Gaza children mark first day of school, but no lessons

GAZA CITY - Agence France-Presse

Palestinian children line up in the courtyard of a UN school during a morning activity on the day that schools across Gaza were supposed to be starting classes in Gaza City on August 24, 2014. AFP Photo

Marking the first day of the new school year in Gaza, dozens of children lined up in the courtyard early on Sunday morning to sing the Palestinian national anthem.
      
But this year, class did not begin.
      
Instead, the youngsters then recited the opening verse of the Koran -- the Fatiha -- to honour the more than 2,100 Palestinians killed in a 48-day Israeli military operation against Gaza.
      
They then returned to classrooms packed to the brim with families displaced by the conflict, in the UN school being used as a shelter in the north of Gaza City.
      
"I don't want to have to live in a school," said 11-year-old Amin al-Kilani, whose family was driven out of their home in Beit Hanun in northern Gaza after Israel bombarded the area.
      
"I want to learn here, then just go home," he said.
      
Amin is one of nearly half a million Gazan children who will not be able to return to class this year, according to the UN children's fund UNICEF.
      
"Classes will remain closed in the conflict-stricken coastal enclave, denying these nearly 500,000 children their right to education," UNICEF said in a statement Sunday.
      
At the UN school's symbolic start to the new academic year, a young girl in a party dress recited a poem. A boy in shorts and glasses sang a popular song by the Palestinian winner of Arab Idol.
      
Proud mothers looked on, some taking pictures of videos with their mobile phones.
      
A few children appeared to enjoy the spectacle, clapping along, but were visibly disappointed not to be going back to school.
      
"I was looking forward to school beginning again so I could finish my tawjihi exams (the Palestinian high school diploma)," said 17-year-old Wujud Zayeda.
      
"This year it's different. One of my friends was injured in a strike near her home. I'm really upset, we just want to learn."       

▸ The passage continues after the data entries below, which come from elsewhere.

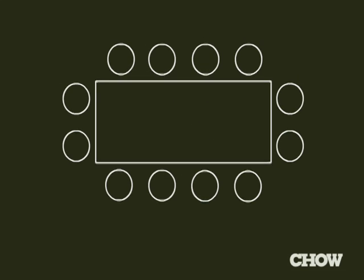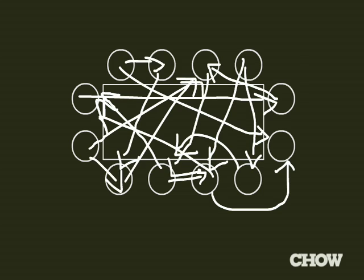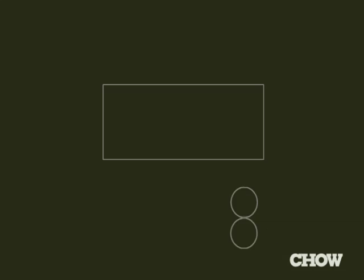The smaller the table, the more cross-table conversation. Rule number two: separate couples. Couples drive over together and go home together.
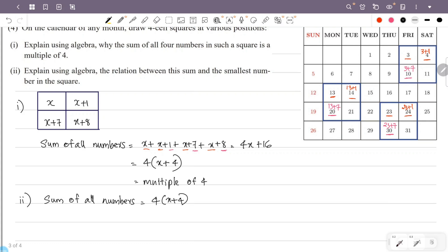The sum is equal to 4x plus 16. The smallest number is x. So the sum equals 4 times the smallest number plus 16. That means the sum of all numbers is 16 added to 4 times the smallest number in the square, because x is the smallest number.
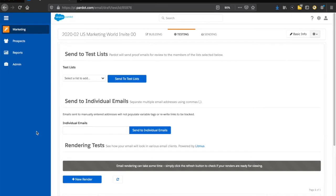The next option is send to individual emails. You can actually send test emails to anybody — you can put down your own email address, your colleague's email address, whatever the case is. That one gives you the option to test both the HTML and text version.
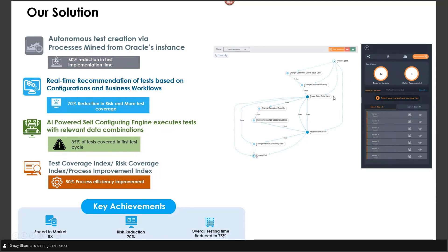You can look at one example here where a process is working across an organization and different activities are happening. This is one of the process maps you could be using in your organization. Whatever test flows are being worked upon, those test cases and processes are first mapped and then created as real test cases with the configuration data that is part of the organization in real time. You can select your variant and execute your tests from that particular point.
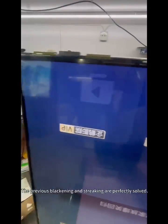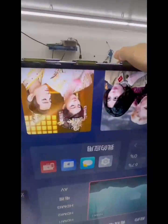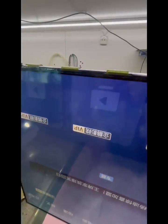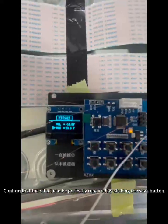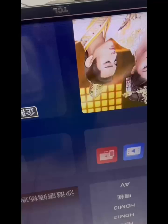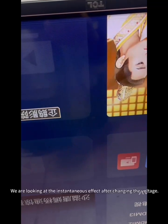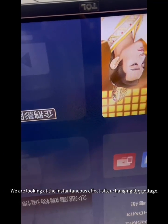The previous blackening and streaking are perfectly solved. Confirm that the effect can be perfectly repaired by clicking the save button. We are now looking at the instantaneous effect after changing the voltage.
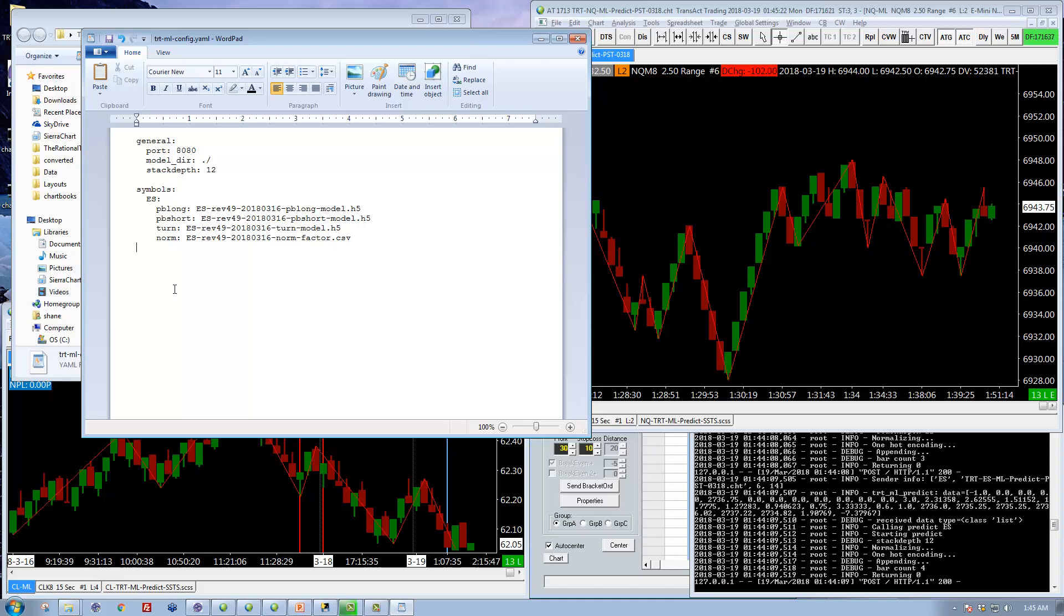It doesn't hurt to load models you're not using. It just makes the server take longer to start up and it will use a little bit more memory. But it's not a big deal.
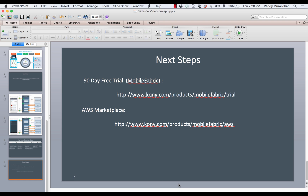We cannot show you all the steps to configure and run the two labs of this test drive in this video. However, the attached user manuals walk you through all the steps needed to execute the labs of this test drive. For a 90-day free trial of Mobile Fabric, please log on to www.kony.com. For additional information, please feel free to contact our sales team. Thank you.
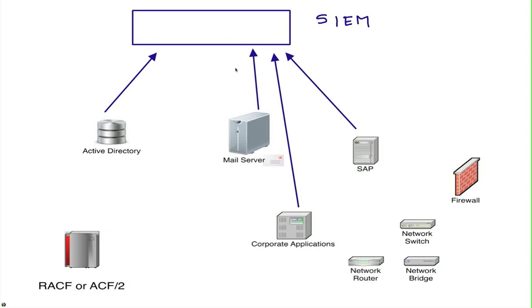They collect logs, maybe not in Netflow but they collect logs from firewalls and other devices, but there is one piece that is quite often neglected or left aside.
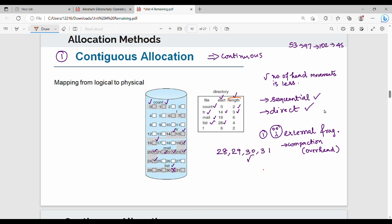The second drawback is related to the directory entry, which stores the start location and length (size) of the file. The problem is: how much space do you allocate if you don't know the file's size in advance? In real-time scenarios, like appending to a file, the size is unknown initially.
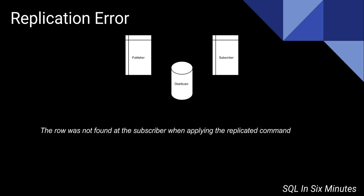All right, well, let's think about that for a second. If the ID of 1 is not at the subscriber but it's at the publisher, what happens when the publisher then sends a command to update ID of 1 and it's not at the subscriber? So as you see, the row was not found at the subscriber when applying the replicated command, and that would happen as well with a delete.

Mother Hanan Matar, 48, was living in the school with her nine children.
      
"Even the right of our children to study is denied," she sighed.
      
Schools run by the UN Palestinian refugee agency (UNRWA) are occupied by more than 300,000 internally displaced Gazans, half of whom are children, UNICEF says.
      
With so many people using the educational facilities as living space, it is impossible for lessons to resume as normal.
      
A quarter of Gaza's population of 1.8 million have been made homeless by the fighting.
      
Of the more than 2,100 dead, some 478 were children, according to the UN.
      
"This has been a dangerous summer for Palestinian children in Gaza who could not even go outside to play. School is a vital lifeline to these traumatized children, which plays a key role in their healing," the joint statement from UNICEF, UNESCO and Save the Children said.